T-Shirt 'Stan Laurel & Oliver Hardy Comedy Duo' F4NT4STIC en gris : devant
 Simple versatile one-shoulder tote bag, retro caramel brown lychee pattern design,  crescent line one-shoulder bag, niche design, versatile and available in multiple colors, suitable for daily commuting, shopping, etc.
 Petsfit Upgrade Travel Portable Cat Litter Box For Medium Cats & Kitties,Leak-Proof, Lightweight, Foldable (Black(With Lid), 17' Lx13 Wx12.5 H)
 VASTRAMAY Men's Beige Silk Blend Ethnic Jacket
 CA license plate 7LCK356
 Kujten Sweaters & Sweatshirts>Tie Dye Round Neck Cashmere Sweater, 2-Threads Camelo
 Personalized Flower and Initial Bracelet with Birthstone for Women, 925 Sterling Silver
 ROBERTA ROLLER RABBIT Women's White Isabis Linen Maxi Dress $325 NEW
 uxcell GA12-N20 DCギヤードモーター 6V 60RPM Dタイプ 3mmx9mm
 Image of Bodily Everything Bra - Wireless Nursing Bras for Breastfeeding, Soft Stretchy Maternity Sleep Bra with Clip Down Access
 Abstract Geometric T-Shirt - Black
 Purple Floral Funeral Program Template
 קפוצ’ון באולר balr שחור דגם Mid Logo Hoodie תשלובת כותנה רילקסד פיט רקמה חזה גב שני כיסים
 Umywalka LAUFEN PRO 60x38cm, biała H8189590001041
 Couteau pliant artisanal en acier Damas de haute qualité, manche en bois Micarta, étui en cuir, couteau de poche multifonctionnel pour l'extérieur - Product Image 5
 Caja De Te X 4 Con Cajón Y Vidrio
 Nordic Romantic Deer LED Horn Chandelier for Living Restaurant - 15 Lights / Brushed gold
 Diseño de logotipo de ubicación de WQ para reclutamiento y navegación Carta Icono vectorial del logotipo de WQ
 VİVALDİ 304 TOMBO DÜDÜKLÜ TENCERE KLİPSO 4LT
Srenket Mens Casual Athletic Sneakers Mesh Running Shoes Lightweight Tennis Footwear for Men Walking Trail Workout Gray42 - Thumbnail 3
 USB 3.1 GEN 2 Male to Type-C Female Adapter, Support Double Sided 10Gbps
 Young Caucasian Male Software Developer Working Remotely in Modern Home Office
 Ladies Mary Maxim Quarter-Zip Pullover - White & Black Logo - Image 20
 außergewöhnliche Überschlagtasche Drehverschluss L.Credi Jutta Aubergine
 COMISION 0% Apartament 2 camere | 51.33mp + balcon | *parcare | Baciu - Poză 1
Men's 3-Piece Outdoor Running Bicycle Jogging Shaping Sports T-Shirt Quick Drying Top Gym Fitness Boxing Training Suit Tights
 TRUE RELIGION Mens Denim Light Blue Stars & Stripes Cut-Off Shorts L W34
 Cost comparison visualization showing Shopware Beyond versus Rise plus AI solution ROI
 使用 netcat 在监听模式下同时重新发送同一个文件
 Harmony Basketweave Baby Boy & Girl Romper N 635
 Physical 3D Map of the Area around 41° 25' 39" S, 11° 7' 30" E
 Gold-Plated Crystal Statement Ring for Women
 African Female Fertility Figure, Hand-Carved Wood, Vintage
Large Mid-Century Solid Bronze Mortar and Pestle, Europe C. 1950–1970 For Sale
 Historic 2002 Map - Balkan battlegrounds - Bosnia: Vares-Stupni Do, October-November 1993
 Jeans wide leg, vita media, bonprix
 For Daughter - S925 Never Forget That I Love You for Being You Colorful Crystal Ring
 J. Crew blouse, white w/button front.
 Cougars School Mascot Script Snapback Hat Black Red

§ **TASK OBJECTIVE**
Begin with the line that contains "J. Crew blouse, white w/button front." and end with the last line of the material above. Set down that range exactly.

§ **REPLY TO THE EXERCISE**
 J. Crew blouse, white w/button front.
 Cougars School Mascot Script Snapback Hat Black Red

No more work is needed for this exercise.